When we finally debarked and stumbled away in a panicked, nauseous haze, I managed to slur, "That was without contest the worst ferris wheel ride, ever." 

But the nightmare wasn't over for Harry and Lauren. Even though they had boarded immediately after we did, for some horrible reason, the operator skipped them in his unloading process. They went around the wheel a dozen more times, and every time they got close to the point where unloading could occur, the wheel changed directions, meaning that they never actually crossed the point where they could have gotten off. Anna and I watched from below, helpless, while they cycled by again and again, waving at us forlornly, growing paler and paler with nausea and what I can only assume was a burgeoning and helpless resignation to a life now spent in perpetuity upon that hellish ferris wheel.
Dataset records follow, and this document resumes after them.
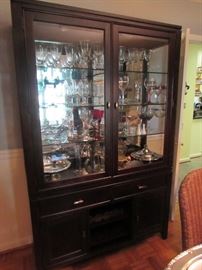 Dark stain contemporary dining room china cabinet.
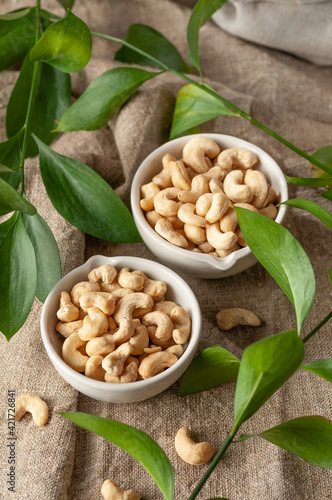 Cashew nuts in two white cups. Fabric background. Nearby cashews and green leaves. View from above.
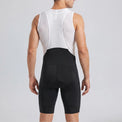 Back view of a model wearing black men's MTB endurance bib shorts.
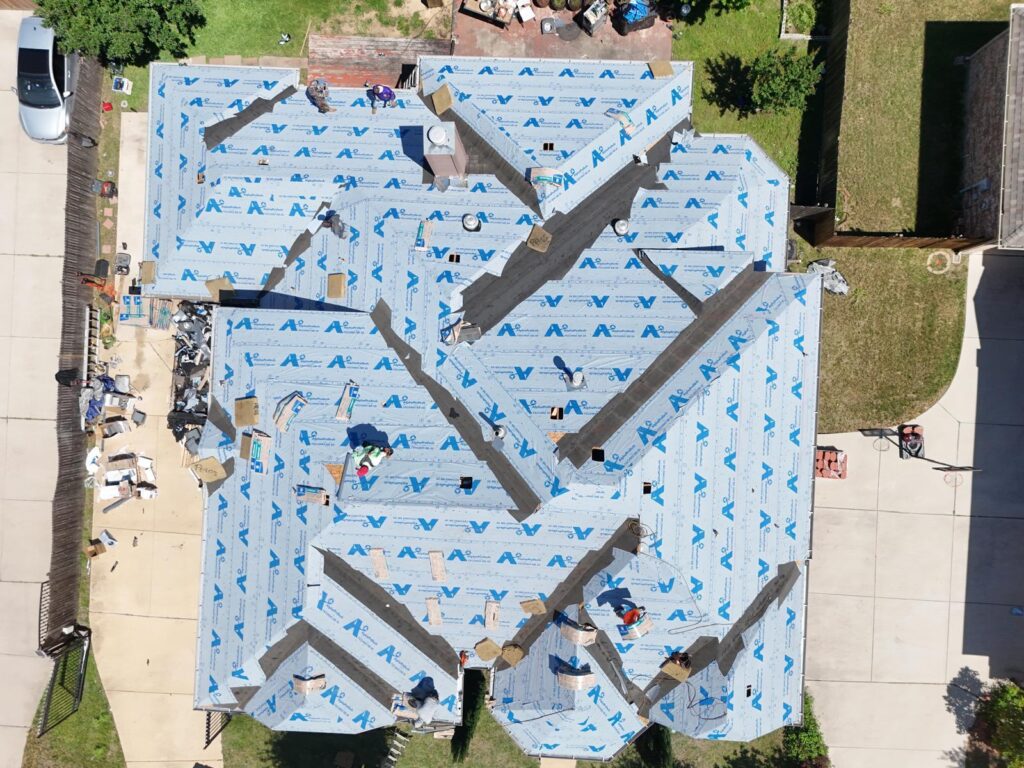 An aerial view of a residential roof under construction, with blue synthetic underlayment installed across most of the roof and several workers actively working. Debris and materials are visible on the ground around the house.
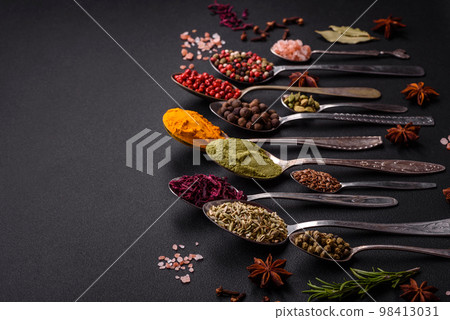 Composition consisting of variations of spices in white bowls and metal spoons 98413031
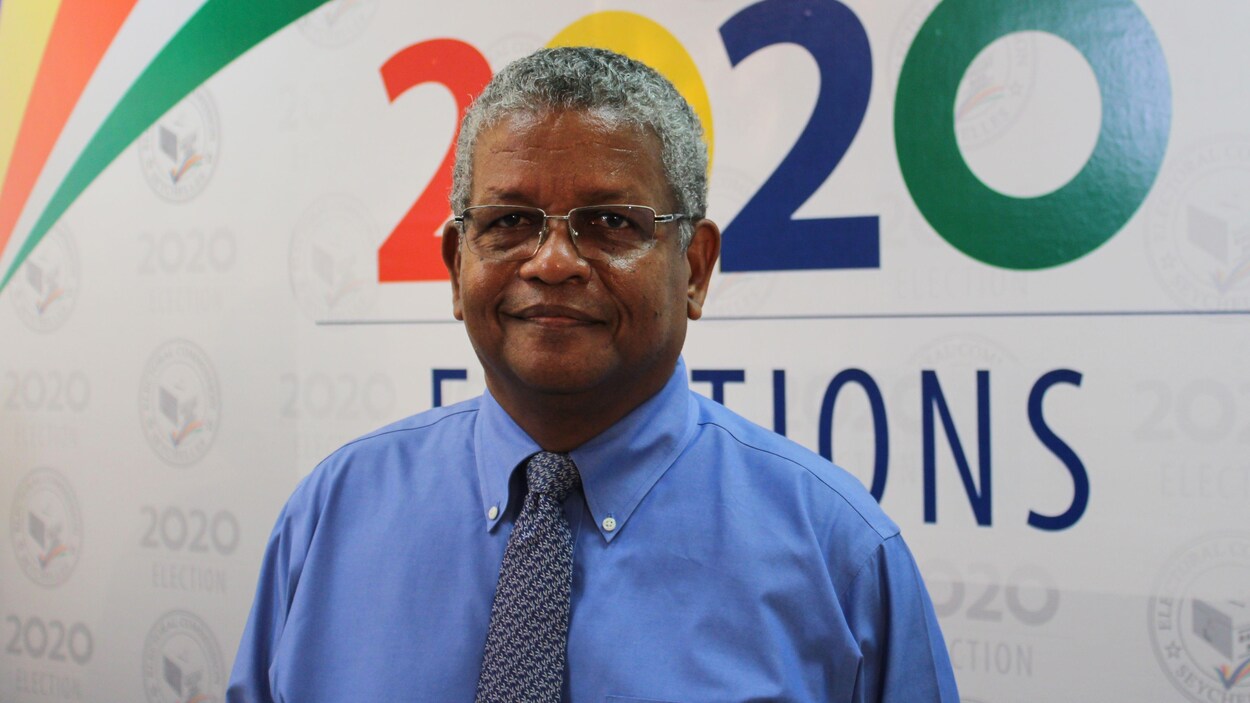 Wavel Ramkalawan pose, souriant, devant une affiche électorale.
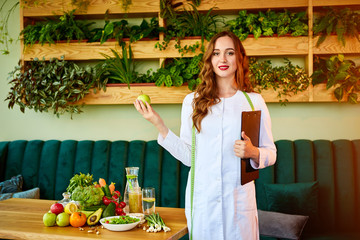Woman dietitian in medical uniform with tape measure holds apple standing with different healthy...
And then the lights went out, and the ferris wheel went dark. It's screaming motion halted and Harry and Lauren were left swinging wildly at the top. Mechanics who looked young enough to still be in high school scurried to the scene, and began climbing the ferris wheel, tapping on gears and shrugging at one another. Anna and I were in line for hot chocolate, and we were going to get some for Harry and Lauren as well, but we had no idea how long they were going to be up there, or, indeed, if they'd ever get down at all. 

Anna went to investigate. She approached the operator and began, "Our friends are up there –" and the operator interrupted, "They'll be fine, we'll get them down." To which Anna replied, "No, I'm not worried about their safety. I just want to know if I should buy them hot chocolate now or later." The operator looked at the ferris wheel, dark and menacing and still, and said, "Uh..I would wait." 

So wait we did. 

After about forty minutes of immobility and darkness from the wheel, my phone rang. It was Harry, and he wasn't amused. He first asked if they were ever going to get down, and then told me he had begun looking for a ladder down. There wasn't one. Then he deadpanned, "Those mechanics better get their shit together because I need off this goddamn ferris wheel."

When the wheel finally screeched and stuttered to life again, we thought they were safe, that they could get off now. But again, we were so terribly, terribly wrong. The operator disembarked every other cart, skipping them not once, not twice, but three times, as they leaned over and begged to be freed from their icy iron sky prison. When they at last reunited with the solid earth, the conductor unsmilingly handed them their tickets back to use on a different ride, and we all drank hot chocolate and ate salty carnival nachos and attempted to intercept the nervous ticks that were developing in our ingrained responses to ferris wheels. 

Then we all went and rode the carousel, because if that breaks down, we can just get off and walk away.